Posted Jun 1, 2010 17:03 UTC (Tue) by avik (guest, #704) [Link] (2 responses)

It's possible to transition incrementally:

1. Pick a function
2. Modify its callers to expect exceptions from it (adding try/catch if necessary)
3. Convert it to throw exceptions instead of returning error codes
4. Modify it to expect exceptions from its callees (removing try/catch if necessary)
5. Repeat

If correctly applied, an entire code base can be converted with very little explicit try/catch blocks remaining.

GCC begins move to C++

Posted Jun 1, 2010 17:23 UTC (Tue) by dgm (subscriber, #49227) [Link] (1 responses)

It's certainly doable, but I would bet the cost is too high to make it worthy. I believe the GCC code base is above one million LOC. Assuming half include a function call, the task looks daunting.

GCC begins move to C++

Posted Jun 1, 2010 18:01 UTC (Tue) by avik (guest, #704) [Link]

I have successfully applied this technique to a code base that was about a quarter of that size (though considerably less gnarly). Whether it will be worth the effort or not is very subjective.

GCC begins move to C++

Posted Jun 2, 2010 11:13 UTC (Wed) by gowen (guest, #23914) [Link]

How about...

void f(void)
{
    T p;
    g(&p);
}

GCC begins move to C++

Posted Jun 2, 2010 18:01 UTC (Wed) by Cyberax (✭ supporter ✭, #52523) [Link] (3 responses)

This code will most probably SEGFAULT in C if allocation fails and malloc() returns NULL.

Is it better than a thrown exception?

You are right of course...

Posted Jun 3, 2010 21:07 UTC (Thu) by khim (subscriber, #9252) [Link]

This is exactly why you CAN'T write such code in gcc. malloc is forbidden there at include file level. Instead you'll use xmalloc - it can not ever return NULL, so there are no need to check the error code.

malloc() failure

Posted Jun 4, 2010 9:46 UTC (Fri) by jrn (subscriber, #64214) [Link] (1 responses)
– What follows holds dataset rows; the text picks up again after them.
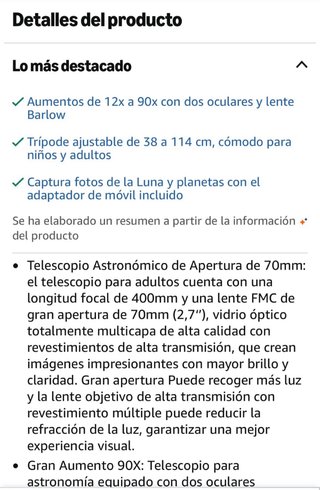 Telescopio con trípode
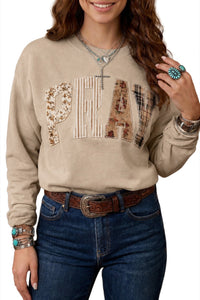$9.36 Parchment Floral Buffalo Plaid Striped Embroidered Patch Western Pullover Sweatshirt Wholesale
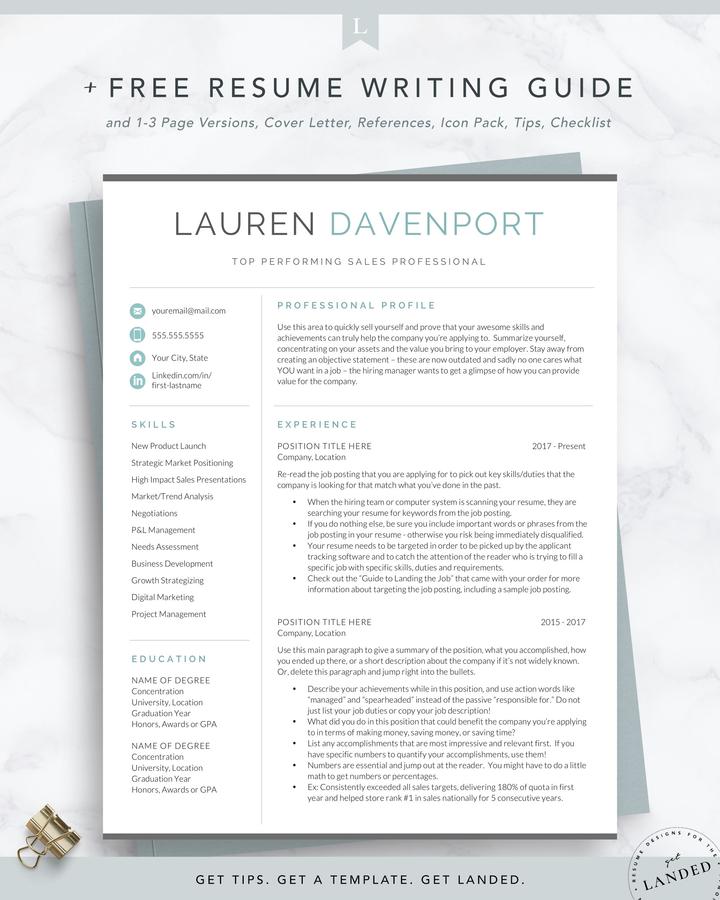 Resume Template for Word and Page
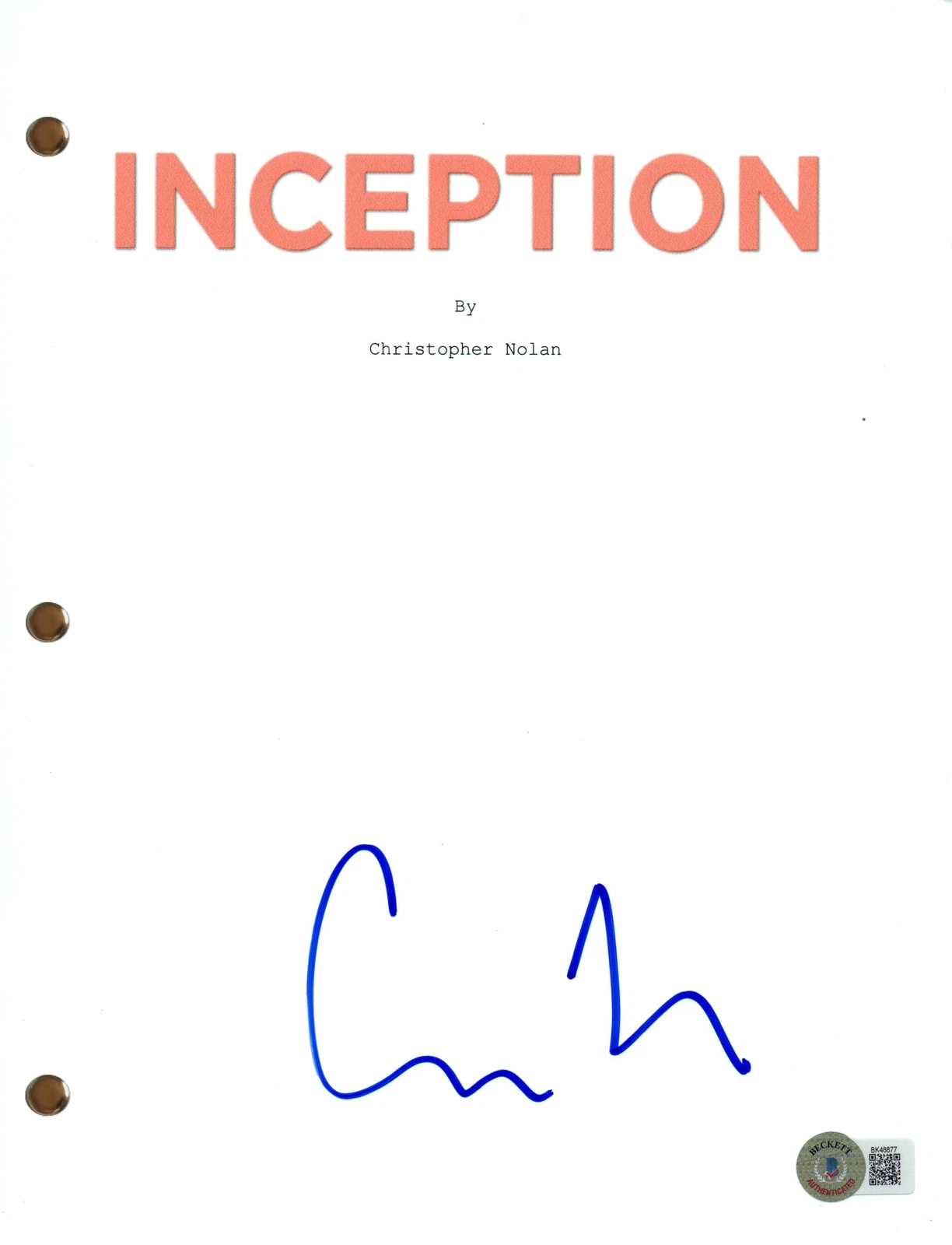 Christopher Nolan Signed Autograph Oppenheimer Full Movie Script Beckett COA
On Linux, this is true but mostly irrelevant. Most systems overcommit (it is hard to find a saner thing to do if the user wants large programs to be able to fork() but does not provide the swap to back them) and malloc almost never fails.

malloc() failure

Posted Jun 7, 2010 9:47 UTC (Mon) by nye (subscriber, #51576) [Link]

There are other reasons malloc can fail beyond having no free memory. In zfs-fuse they recently had to add code to increase max_map_count dynamically because ZFS makes so many allocations that it could easily blow right past the default limit, causing memory allocation failures.

GCC begins move to C++

Posted Jun 3, 2010 5:44 UTC (Thu) by njs (subscriber, #40338) [Link] (1 responses)

That code is incorrect in C -- it fails to check g's return value for an error code. This may be (often is) a *much* more serious error than a leak.

You're assuming that g-written-in-C cannot fail, while g-written-in-C++ can, and then saying that that makes C better... which I guess is true given your assumptions, but if you have a method to write error-free code in C then you should share *that*, it'd be a much more compelling argument!

GCC begins move to C++

Posted Jun 3, 2010 16:41 UTC (Thu) by dgm (subscriber, #49227) [Link]

Why? Maybe I don't care if there is a problem with g, or I could do nothing sensible.

What I assume is that g-written-in-C cannot change the flow of control. That assumption doesn't hold in C++ with exceptions. That doesn't make C better, just different. Different enough, in fact, that converting C code straight to C++ is not that easy.

By the way:

@gowen: it's just an example.
@Cyberax: maybe g() can handle the NULL case gracefully, as it should if properly written.